Intersectoral competition can be described as legal relations that arise between legal regulations of different legal branches (for example, criminal, penal-executive, criminal procedural, administrative, constitutional, and so on).
Interindustry collisions are divided into the following subtypes:
- conflict between constitutional and sectoral;
- conflict of material and procedural (that is, articles of criminal procedural and criminal substantive law);
- conflict of regulatory and protective (for example, conflict of civil and criminal or tax law);
- conflict of articles of a protective nature that relate to different legal branches (for example, competition between administrative and criminal law norms).
Interlegal competition appears in the relations of legal norms that belong to different systems of law. They are divided into two subspecies:
- conflicts of articles of domestic and international law in the criminal sphere;
- conflicts of articles of criminal national law and norms of foreign criminal law.
Legal provisions that relate to competition regulations
In order to correctly understand the meaning of the concept of competition in the context of criminal law, one should resort to practice (life situations). In general, regulations regarding competition are extremely rarely practiced in court proceedings, however, if such a precedent exists, then punishing the perpetrator for a criminal act becomes somewhat more difficult.

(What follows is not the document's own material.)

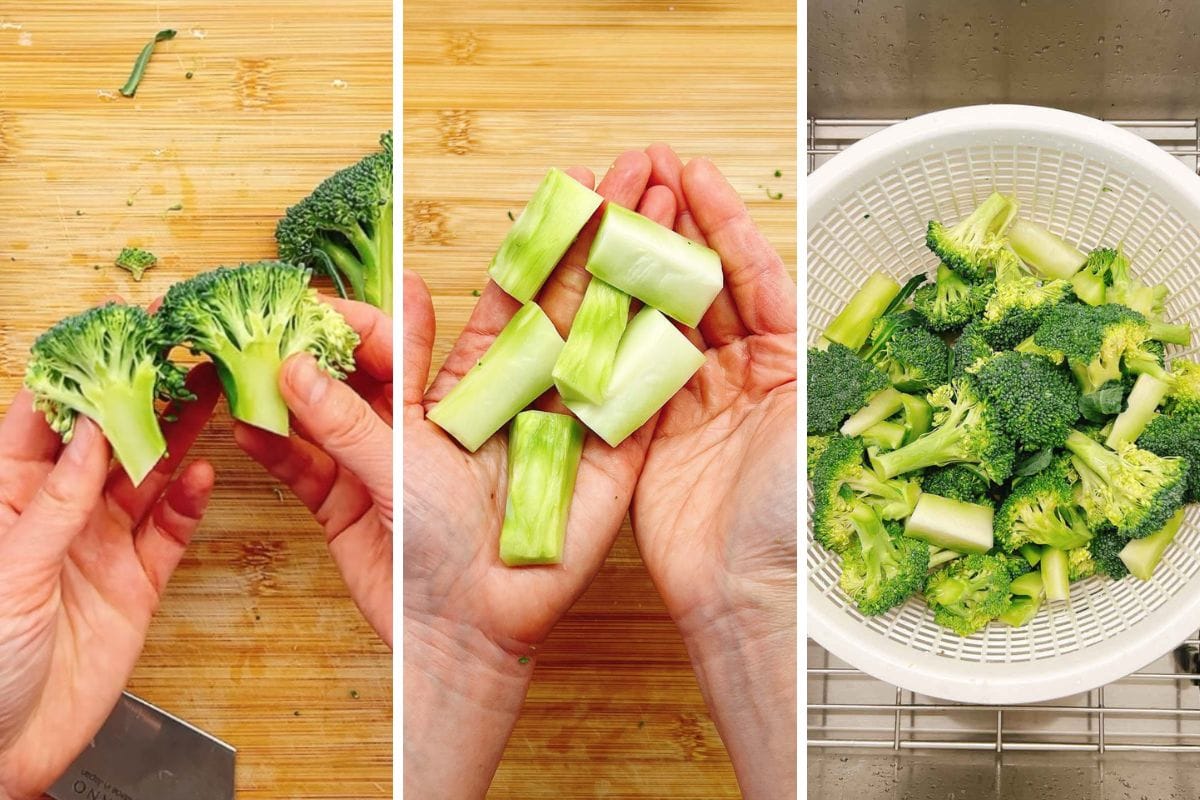 Three-panel image: First, hands hold broccoli florets sliced in half on a wooden board; second, hands display peeled and chopped stems; third, cleaning chopped florets and stems—perfect for making Din Tai Fung Stir Fried Broccoli—are in a white colander.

For example, in other countries, such as Spain, the Criminal Code considers an action that falls under several legislative acts, then the case should be reconsidered, along with certain rules that state that an additional norm takes precedence over the main one, and a special norm can be used directly in in case there is no common one.
The general (main) norm indicates a more dangerous act, and at the same time the special (additional) norm shows the circumstances in which the act provides for a reduced sentence.
According to Article 105, intentional infliction of bodily harm resulting in the possible death of an innocent person. And based on Article 107, unintentional infliction of bodily injury that resulted in death, committed in a state of emotional instability (affect).
- A state of emotional instability is a condition caused by some kind of stress or fear. For example, a mother saw that her child was being beaten and, in order to protect her child, killed the culprit by hitting him on the head with a vase.
- Intentionally inflicting bodily harm resulting in possible death is an act committed according to a preliminary plan.
So, if there is enough evidence and proof, the defendant can receive a reduced court decision, or a more severe punishment for an act committed in his right mind.
Simply put, there is a competition of norms when assigning punishment.
Other competition norms
In 2022, the issue of competition between regulations issued at different times remains relevant.
According to the rules, a criminal law norm issued at a later date is subject to application, except in cases where the old norms eliminate punishment, mitigate criminal liability or otherwise improve the position of the accused, based on the provisions of Art. 10 of the Criminal Code of the Russian Federation.
The competition between foreign and national legislation is considered on the basis of agreements on mutual legal assistance. If there is a bilateral agreement, priority must be given to the norms of foreign legislation.
In competition between the norms of international law and the norms of national legislation, preference is given to the norms of international law, in accordance with Part 2 of Art. 1 of the Criminal Code of the Russian Federation.
Only criminal law norms aimed at solving the same issue can compete with each other. They also differ in the time of adoption of the law, in whether they belong to international or national legislation.
The difference between them also exists in the presence or absence of any additional features, for example: Art. 105, 106, 107, 108, 277, 295, 317 of the Criminal Code of the Russian Federation.
Since competing norms help regulate the same issues, a certain relationship can be seen between them.
The theory of criminal law states that if by the time these norms are applied, one of them is abolished, then the crime should be classified according to the remaining norm. Experts only partially agree with this position.
For example, there is one responsibility for the theft of someone else’s property and another responsibility for the theft of especially valuable items, but they are also someone else’s property.
Upon repeal of Art. 164 of the Criminal Code of the Russian Federation, the acts of an attacker who stole especially valuable things can be classified under articles that provide punishment for the theft of someone else's property.
If an ordinary thing belonging to someone else is stolen, then the article for theft of someone else’s property will be canceled . If there is an article for the theft of especially valuable items, then the crime will not be classified under Art. 164 of the Criminal Code of the Russian Federation, since an ordinary thing does not belong to objects of special value, and the actions of the criminal will not constitute a crime. As a result, if a special norm is repealed, the general norm applies, but not vice versa.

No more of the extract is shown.